** ACTION ITEM **
Make an exact copy of the entries below and leave any picture out of it.

==== RECORDS TO PROCESS

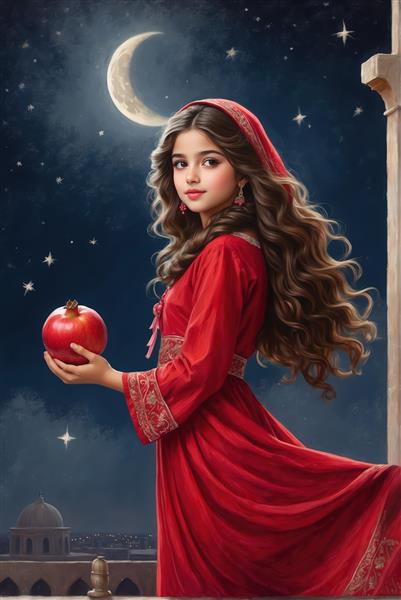 دختر شاد با لباس سنتی سرخ و انار در شب با ماه هلالی، تم یلدا و ایران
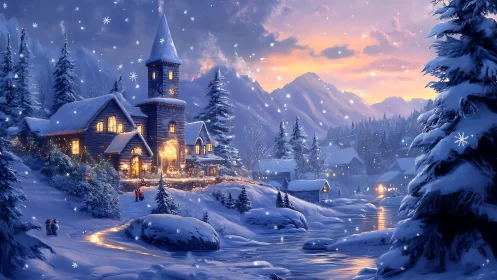 Digital painting of illuminated snowy village at winter dusk.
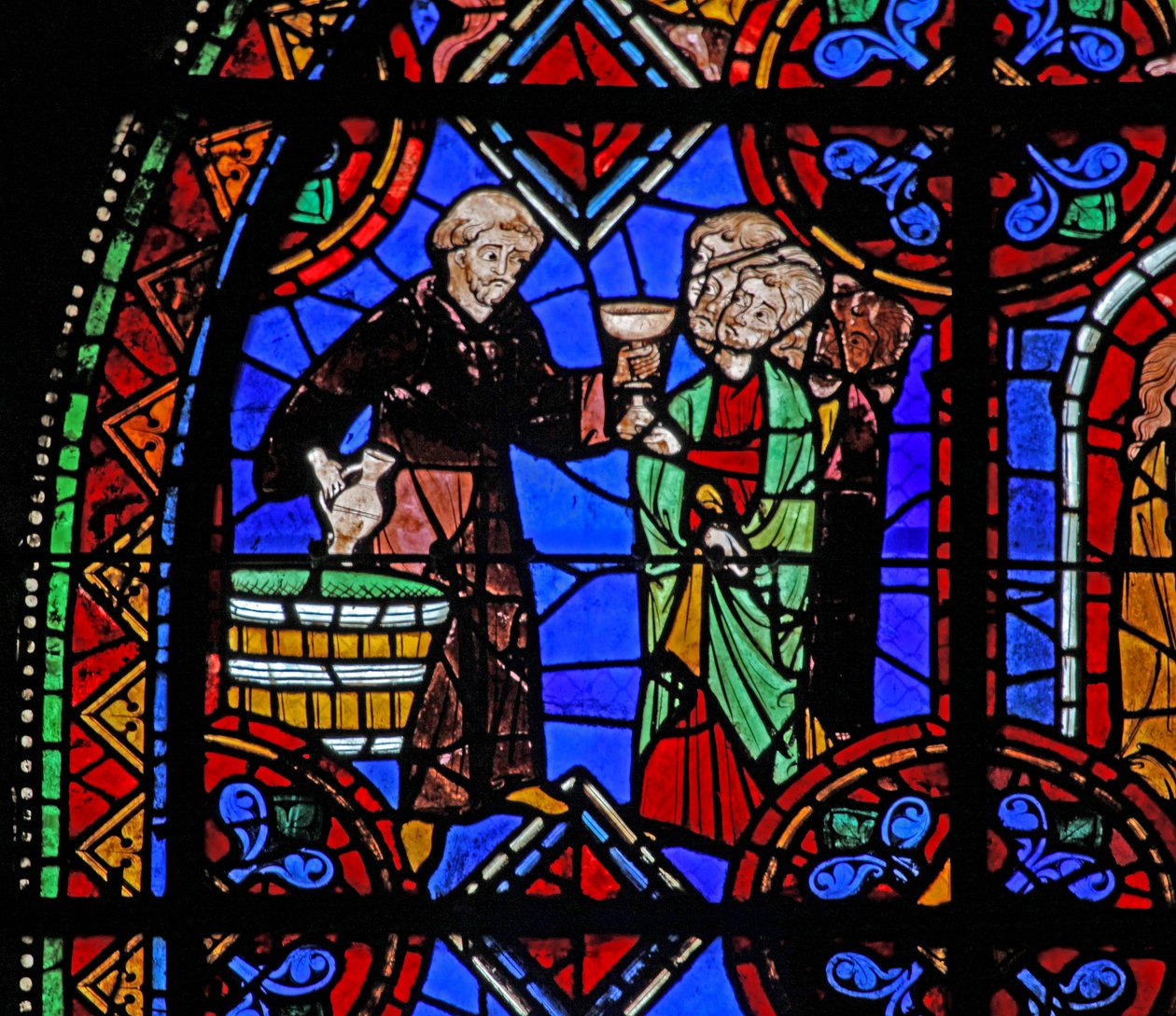 Fenêtre w06 représentant des pèlerins au tombeau de Saint Julien de Brioude où le vin est distribué - French School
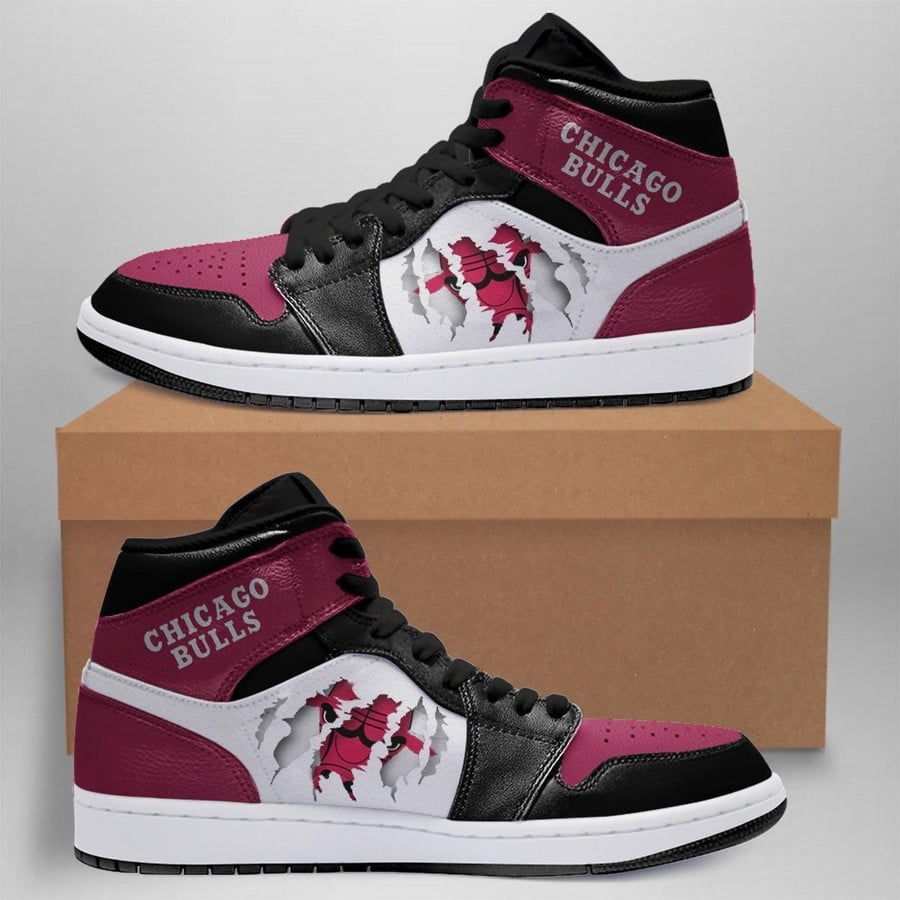JWFancy Chicago Bulls NBA AJ1 High Sneakers Shoes For Men And Women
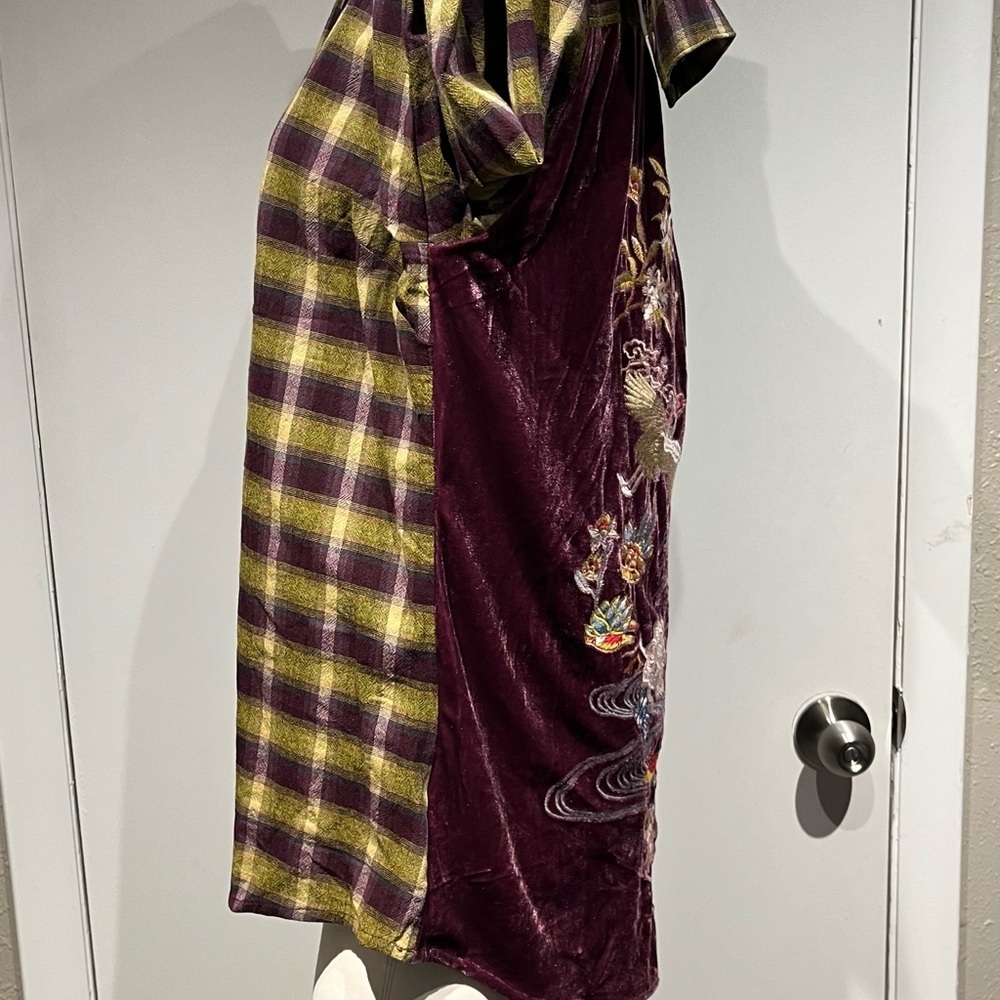 Paparazzi Plaid and Embroidered Velvet Blouse - Picture 10 of 14
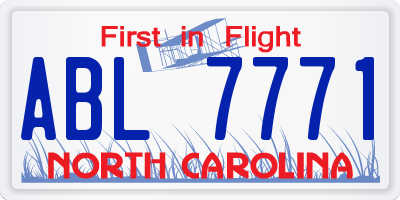 NC license plate ABL7771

========

** EXERCISE SOLUTION **
 دختر شاد با لباس سنتی سرخ و انار در شب با ماه هلالی، تم یلدا و ایران
 Digital painting of illuminated snowy village at winter dusk.
 Fenêtre w06 représentant des pèlerins au tombeau de Saint Julien de Brioude où le vin est distribué - French School
JWFancy Chicago Bulls NBA AJ1 High Sneakers Shoes For Men And Women
 Paparazzi Plaid and Embroidered Velvet Blouse - Picture 10 of 14
 NC license plate ABL7771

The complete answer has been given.